TRUPPENDIENST-Redakteurin Anna Hlawatsch traf Oberstleutnant dIntD Hannes Bauer, den stellvertretenden Projektleiter und Referatsleiter Personalbindung und -freisetzung der Abteilung Personalführung und -entwicklung, zum Interview.

TRUPPENDIENST: Warum hat sich das Bundesheer dazu entschieden, Nachwuchs für den Beruf des Militärarztes zu verpflichten?

Hannes Bauer: Der allgemeine Ärztemangel bei einem unveränderten Bedarf an medizinischen Versorgungsleistungen im In- und Ausland hat diesen Schritt notwendig gemacht. Trotz einer Vielzahl an unbesetzten Arbeitsplätzen konnten in den vergangenen Jahren nur wenige besetzt werden. Mit der Etablierung der Militär-Medizinstudenten hoffen wir, dass das bisher überschaubare Interesse am Militärarzt an Fahrt aufnimmt. 

TD: Warum sind so wenige Medizin-Absolventen an einer Karriere beim Bundesheer interessiert?

Bauer: Wir wissen, dass es nur wenige Medizinstudenten und ausgebildete Ärzte gibt, die die spannenden und komplexen Möglichkeiten im Bundesheer kennen.

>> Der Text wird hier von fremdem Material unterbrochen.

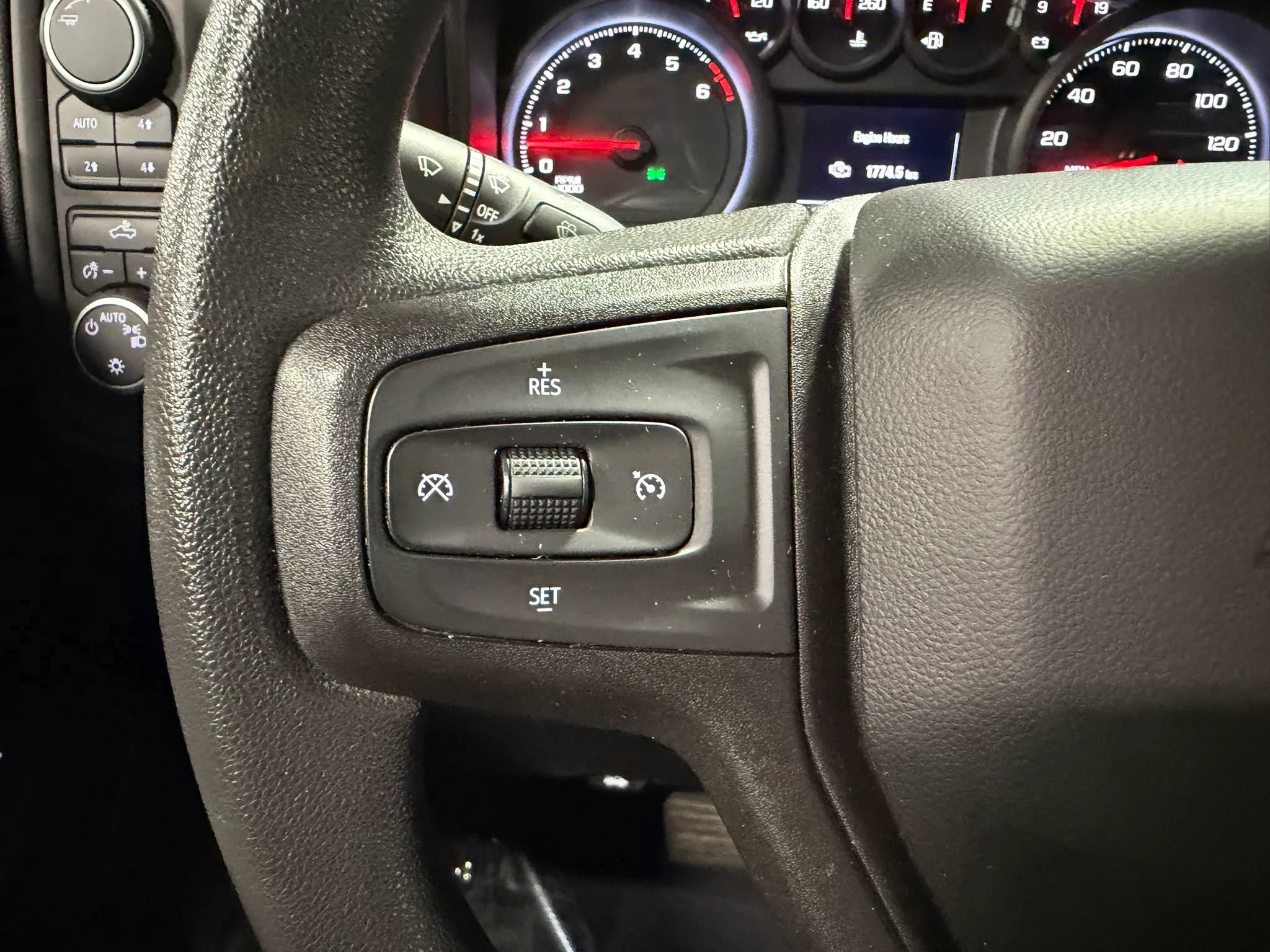 Used 2021 Chevrolet Silverado 1500 Custom Trail Boss AWD/4WD image 10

Gleichzeitig ist uns bewusst, dass die meisten Absolventen in ihrem Fachbereich arbeiten wollen. Viele wollen Krankheiten therapieren oder chirurgisch tätig sein. Diese Vorstellung deckt sich nur zum Teil mit den Möglichkeiten im Bundesheer, das zwar interessante Tätigkeitsbereiche im In- und Ausland bietet, aber im Dienstbetrieb meist wenig komplexe kurative Aufgaben und auch viele gutachterliche Tätigkeiten zu erbringen hat.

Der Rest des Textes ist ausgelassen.